The posters and the suggestion box will be in the atrium at Government Center until June 6, according to Emily Innes, a senior urban planner with the Harriman Group.

“We are looking for public input,” Kenney said. “That is part of this process. Plus, I’m the ultimate suggestion box. People can call me.” His number is 508-676-2561.

Suggestions were plentiful Tuesday. Joseph Carvalho, who led the fight against an LNG plant at Weaver’s Cove, urged the city to take Weaver’s Point by eminent domain. Todd Rego suggested moving the train tracks to the level of Davol Street so the waterfront would be more connected to the rest of the city. Patrick Norton from the Narrows Center for the Arts asked that the city do more to collect litter on waterfront streets and suggested getting the state to move its salt sheds from the waterfront to the site of the city’s former incinerator.

Kenney said he hoped to get the plan to the state by September to allow planning to start before the state finishes its plans for improvements to Route 79 from the Cove Restaurant to the new bridge carrying Route 6 to Somerset.

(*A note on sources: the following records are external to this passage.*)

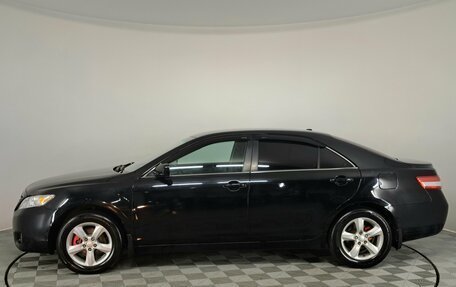 Toyota Camry, 2010 год, 1 040 000 рублей, 3 фотография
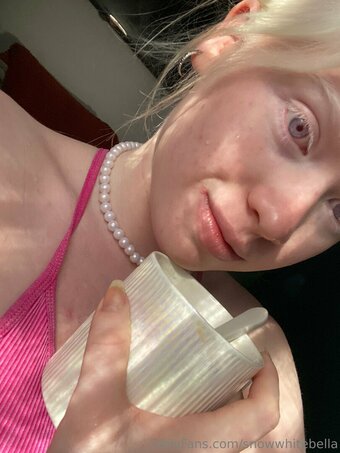 bellawinterx Nude Leaks Photo 24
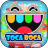 icon Toca Boca Life World For Info(Toca Boca Life World Bilgi İçin
) 1.0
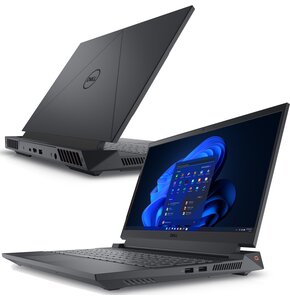Laptop DELL G15 5530-8248 15.6" 165Hz i7-13650HX 16GB RAM 1TB SSD GeForce RTX4060 DLSS 3 Windows 11 Home, Funkcje AI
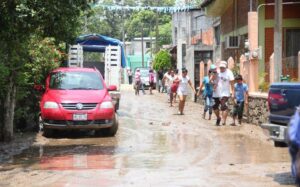 Salud Hidalgo pide fortalecer prevención ante lluvias y ciclones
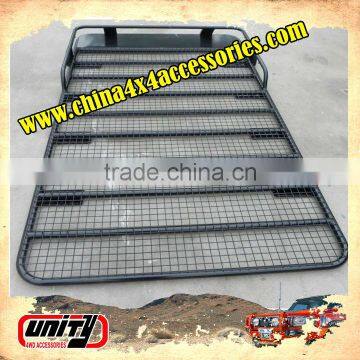 made in china UNITY Car Roof Luggage Rack aluminum car rack uaz 4x4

Ken Fiola, the executive vice president for the Fall River Office of Economic Development, noted that the last urban renewal plan for the waterfront called for the state to rebuild Route 79 to open up the area for commercial and recreational development.

“The urban renewal plans will set the course of development for the next 20 years,” he said. “The Route 79 plans emerged 20 years ago. We kept that initiative alive and we finally convinced this administration to fund it.

“It doesn’t happen fast, but sometimes, it does happen.”